### [EXERCISE REQUIREMENTS]
Reproduce each record exactly, leaving nothing out.

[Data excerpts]
============

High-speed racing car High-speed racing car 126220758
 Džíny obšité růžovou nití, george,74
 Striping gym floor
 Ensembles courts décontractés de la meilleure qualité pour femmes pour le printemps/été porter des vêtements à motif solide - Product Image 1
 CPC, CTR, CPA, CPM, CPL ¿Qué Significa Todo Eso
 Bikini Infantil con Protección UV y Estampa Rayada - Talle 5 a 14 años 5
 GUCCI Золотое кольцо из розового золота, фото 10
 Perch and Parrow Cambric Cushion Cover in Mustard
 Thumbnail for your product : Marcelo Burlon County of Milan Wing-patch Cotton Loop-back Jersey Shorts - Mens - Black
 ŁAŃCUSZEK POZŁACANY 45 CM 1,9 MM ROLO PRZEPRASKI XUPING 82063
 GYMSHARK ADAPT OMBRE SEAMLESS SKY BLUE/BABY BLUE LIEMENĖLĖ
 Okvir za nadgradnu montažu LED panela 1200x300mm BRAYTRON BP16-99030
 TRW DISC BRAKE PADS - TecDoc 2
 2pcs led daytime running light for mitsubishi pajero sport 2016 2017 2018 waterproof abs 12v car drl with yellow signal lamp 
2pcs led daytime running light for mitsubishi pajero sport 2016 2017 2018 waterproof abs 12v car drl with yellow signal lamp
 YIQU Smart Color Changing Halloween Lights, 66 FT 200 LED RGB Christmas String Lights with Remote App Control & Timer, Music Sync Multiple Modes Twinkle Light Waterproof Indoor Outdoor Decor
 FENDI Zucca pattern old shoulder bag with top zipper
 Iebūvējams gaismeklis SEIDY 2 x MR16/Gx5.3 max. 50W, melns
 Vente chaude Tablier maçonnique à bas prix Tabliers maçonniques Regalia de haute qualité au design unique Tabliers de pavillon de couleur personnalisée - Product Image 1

============

### [TASK RESPONSE]
High-speed racing car High-speed racing car 126220758
 Džíny obšité růžovou nití, george,74
 Striping gym floor
 Ensembles courts décontractés de la meilleure qualité pour femmes pour le printemps/été porter des vêtements à motif solide - Product Image 1
 CPC, CTR, CPA, CPM, CPL ¿Qué Significa Todo Eso
 Bikini Infantil con Protección UV y Estampa Rayada - Talle 5 a 14 años 5
 GUCCI Золотое кольцо из розового золота, фото 10
 Perch and Parrow Cambric Cushion Cover in Mustard
 Thumbnail for your product : Marcelo Burlon County of Milan Wing-patch Cotton Loop-back Jersey Shorts - Mens - Black
 ŁAŃCUSZEK POZŁACANY 45 CM 1,9 MM ROLO PRZEPRASKI XUPING 82063
 GYMSHARK ADAPT OMBRE SEAMLESS SKY BLUE/BABY BLUE LIEMENĖLĖ
 Okvir za nadgradnu montažu LED panela 1200x300mm BRAYTRON BP16-99030
 TRW DISC BRAKE PADS - TecDoc 2
 2pcs led daytime running light for mitsubishi pajero sport 2016 2017 2018 waterproof abs 12v car drl with yellow signal lamp 
2pcs led daytime running light for mitsubishi pajero sport 2016 2017 2018 waterproof abs 12v car drl with yellow signal lamp
 YIQU Smart Color Changing Halloween Lights, 66 FT 200 LED RGB Christmas String Lights with Remote App Control & Timer, Music Sync Multiple Modes Twinkle Light Waterproof Indoor Outdoor Decor
 FENDI Zucca pattern old shoulder bag with top zipper
 Iebūvējams gaismeklis SEIDY 2 x MR16/Gx5.3 max. 50W, melns
 Vente chaude Tablier maçonnique à bas prix Tabliers maçonniques Regalia de haute qualité au design unique Tabliers de pavillon de couleur personnalisée - Product Image 1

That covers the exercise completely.